TASK ITEM> Could you restate word for word only the lines below from the one holding "250% Densidade 350" to the one holding "Image of ID", inclusive, and leave out the pictures?

SUPPLIED MATERIAL>
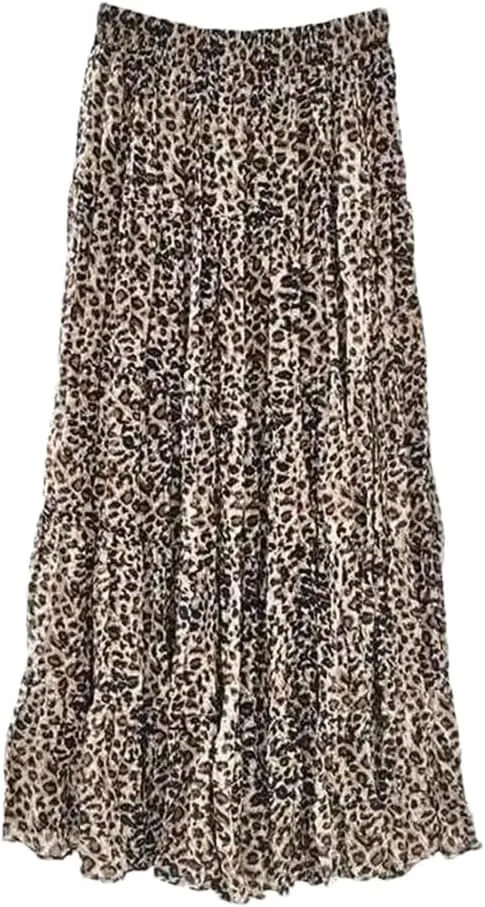 Women Leopard Print Midi Skirt Elastic High Waist A-Line Chiffon Pleated Long Skirts Summer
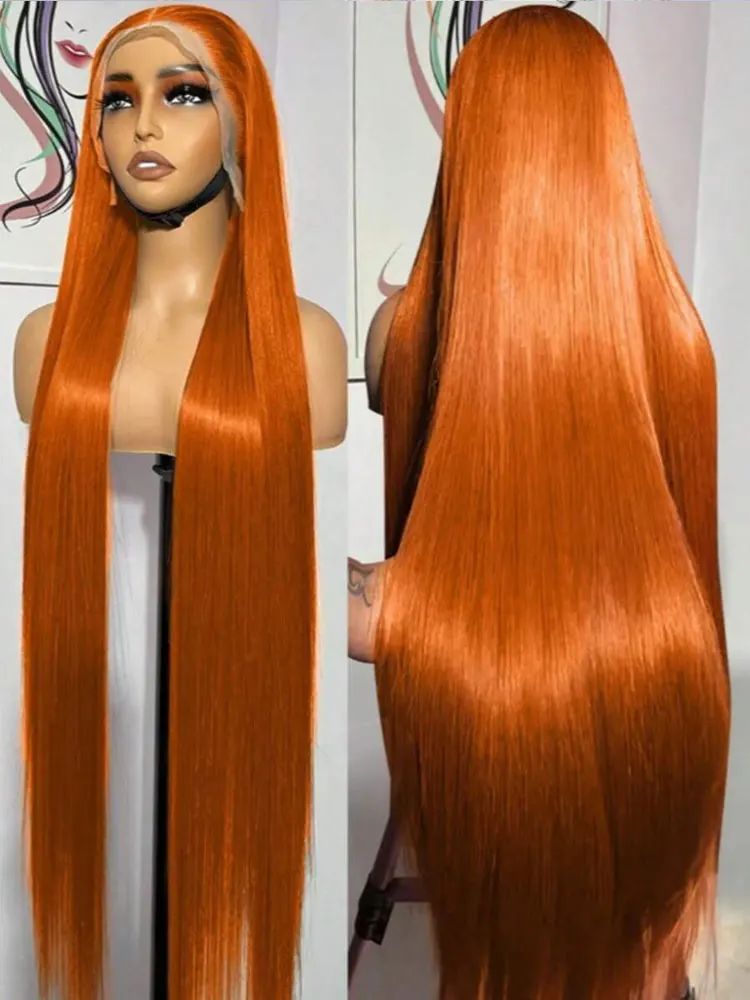 250% Densidade 350 #   Gengibre laranja 13x4 hd frente do laço em linha reta perucas de cabelo humano 200% hd renda transparente pré arrancado com cabelo do bebê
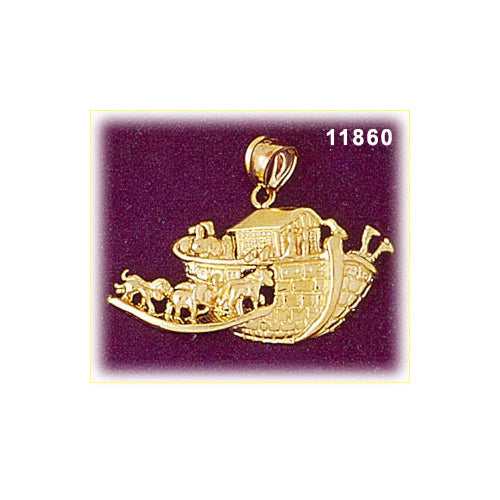 Image of ID 1 14K Gold 38MM Noah&#39s Ark with Animals Pendant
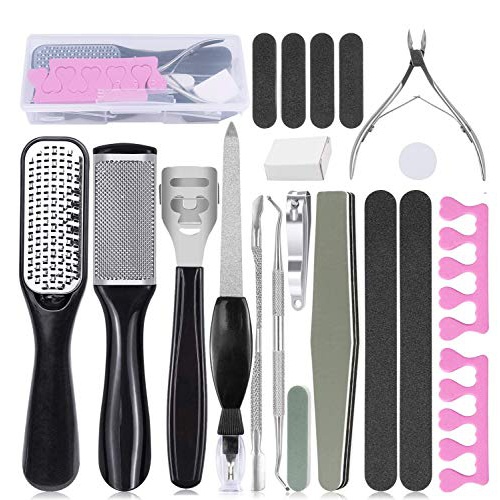  TT-Fantastic Professional Pedicure Kit foot rasp foot file - 20 in 1 Stainless Steel Foot File Exfoliating Prevent and Callus Clean Feet Dead Skin Tools Set, Foot Care Kit for Wome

RESULT>
 250% Densidade 350 #   Gengibre laranja 13x4 hd frente do laço em linha reta perucas de cabelo humano 200% hd renda transparente pré arrancado com cabelo do bebê
 Image of ID 1 14K Gold 38MM Noah&#39s Ark with Animals Pendant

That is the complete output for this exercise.